===== Input records =====

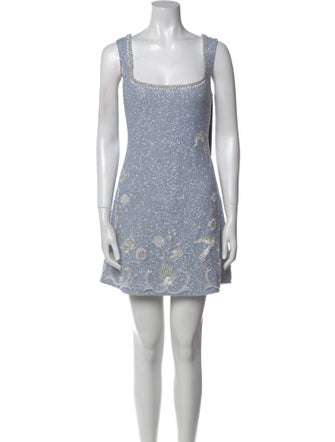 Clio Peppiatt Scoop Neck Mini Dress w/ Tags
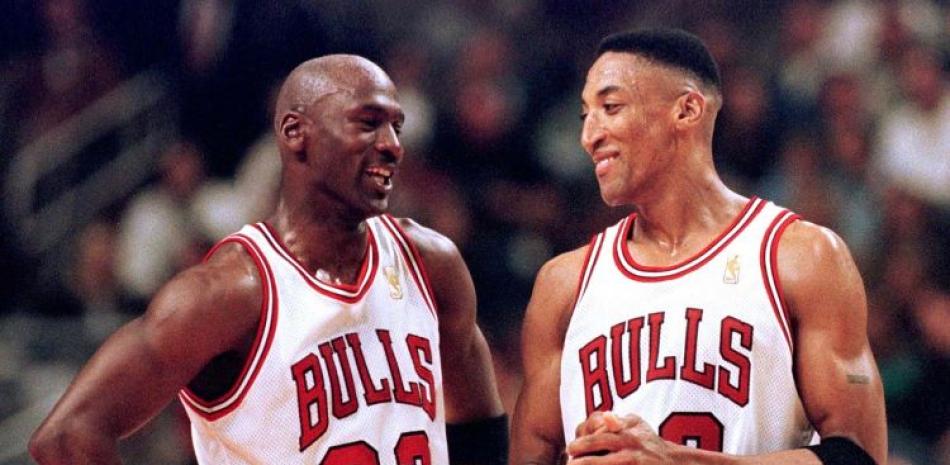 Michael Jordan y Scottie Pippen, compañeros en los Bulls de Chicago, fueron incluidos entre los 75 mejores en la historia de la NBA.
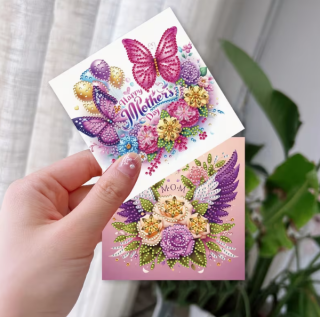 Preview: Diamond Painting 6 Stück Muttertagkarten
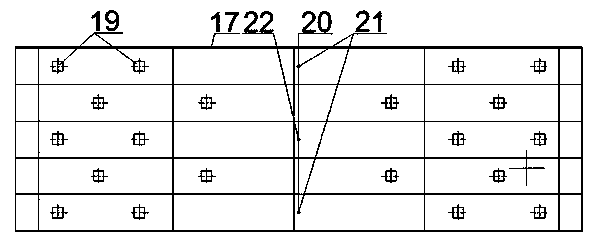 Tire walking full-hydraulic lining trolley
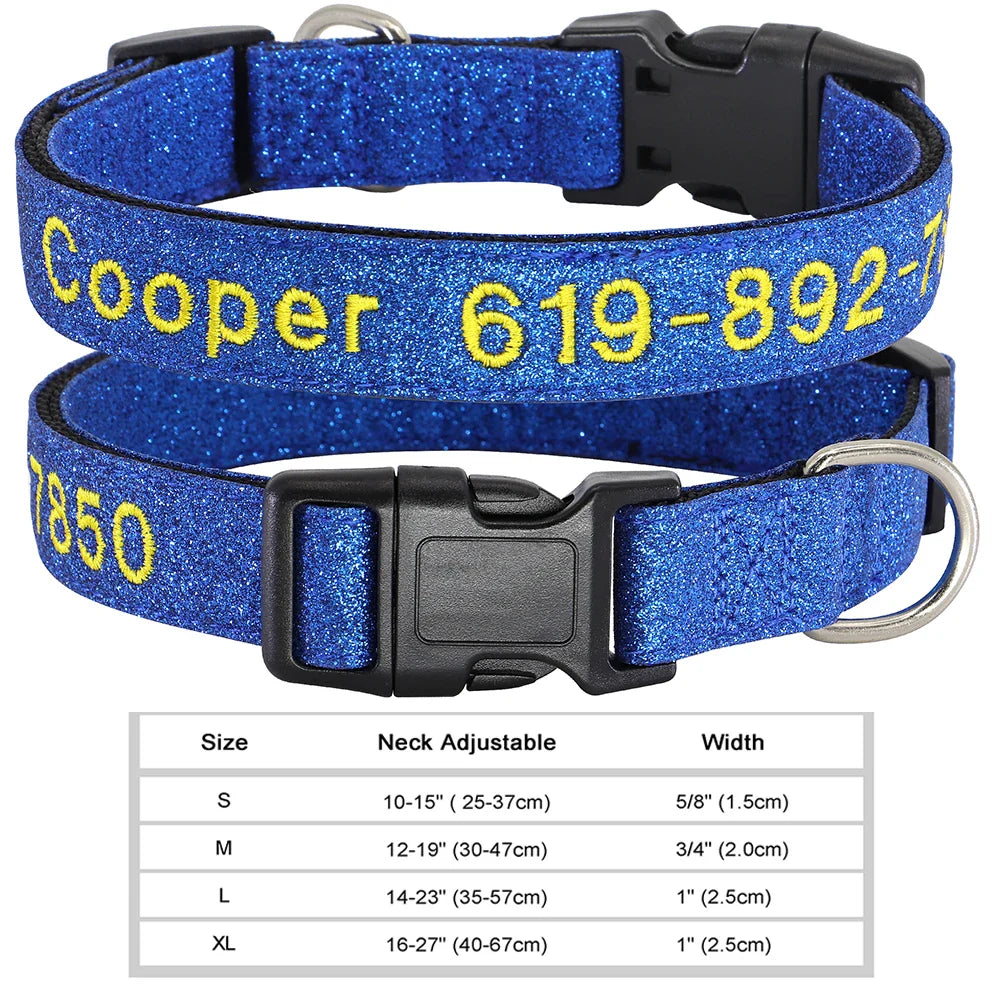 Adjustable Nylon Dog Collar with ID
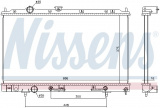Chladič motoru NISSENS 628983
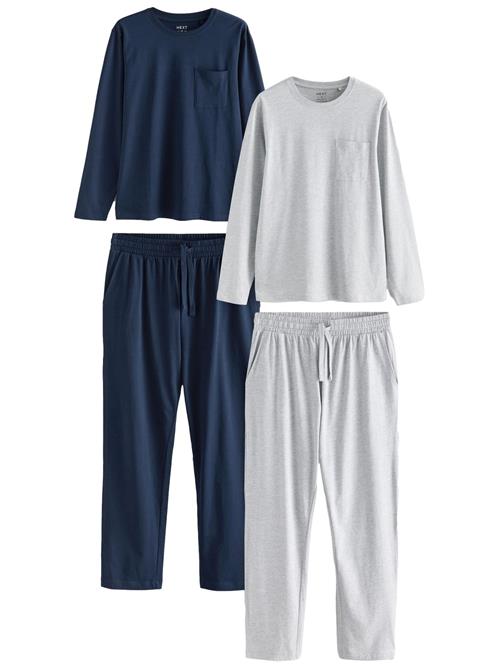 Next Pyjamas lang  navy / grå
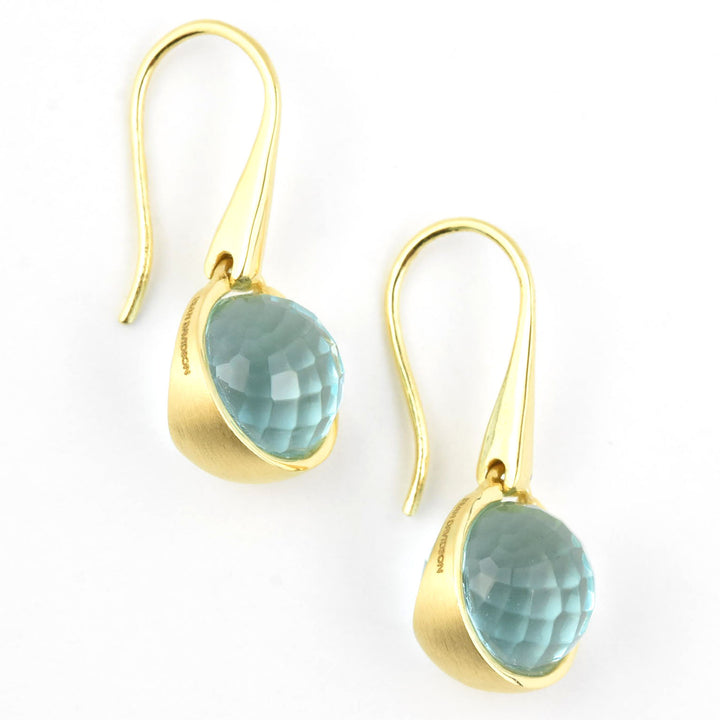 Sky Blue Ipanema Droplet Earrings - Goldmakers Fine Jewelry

=====
===== Input records =====

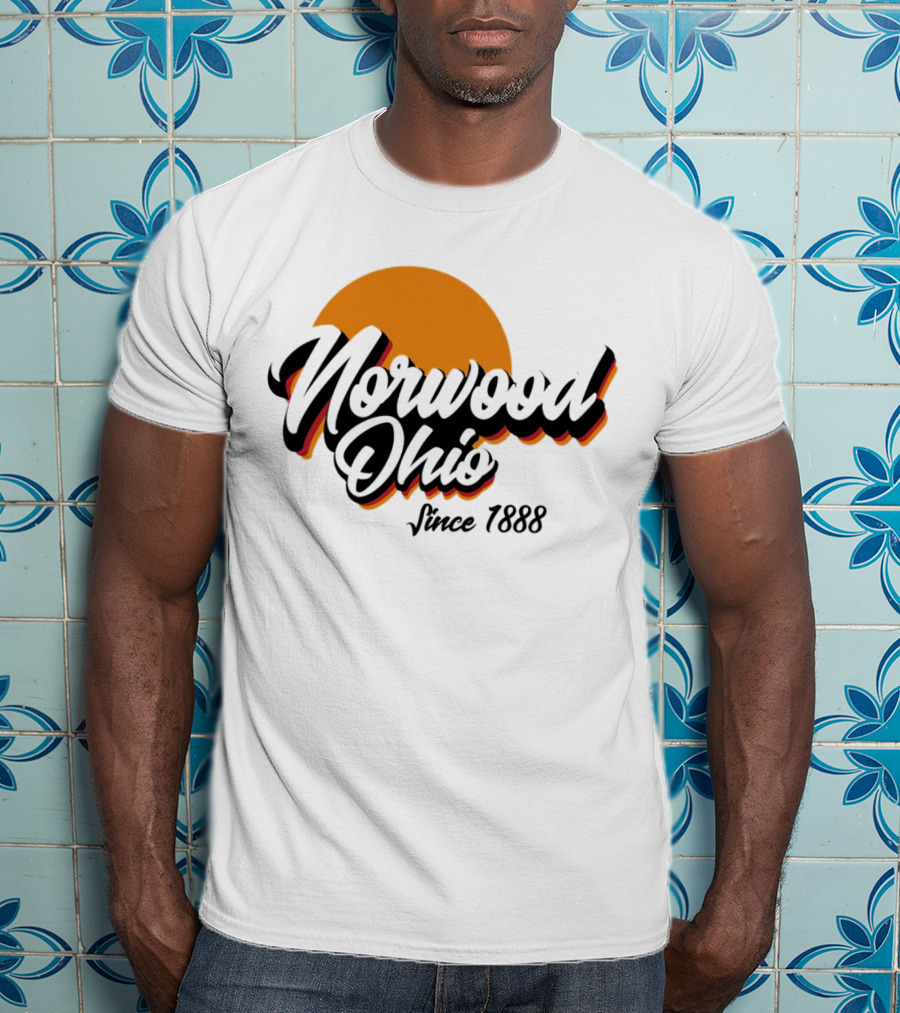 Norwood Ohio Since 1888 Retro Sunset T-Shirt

=====
===== Input records =====

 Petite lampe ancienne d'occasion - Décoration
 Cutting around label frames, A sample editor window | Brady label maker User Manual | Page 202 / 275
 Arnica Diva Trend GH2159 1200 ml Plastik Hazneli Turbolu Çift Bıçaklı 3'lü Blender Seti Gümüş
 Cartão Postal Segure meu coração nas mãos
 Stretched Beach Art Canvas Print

=====

Scan the lines above for "Arnica Diva Trend" and for "Stretched Beach Art Canvas Print". Repeat exactly the line holding each of them and every line in between.

 Arnica Diva Trend GH2159 1200 ml Plastik Hazneli Turbolu Çift Bıçaklı 3'lü Blender Seti Gümüş
 Cartão Postal Segure meu coração nas mãos
 Stretched Beach Art Canvas Print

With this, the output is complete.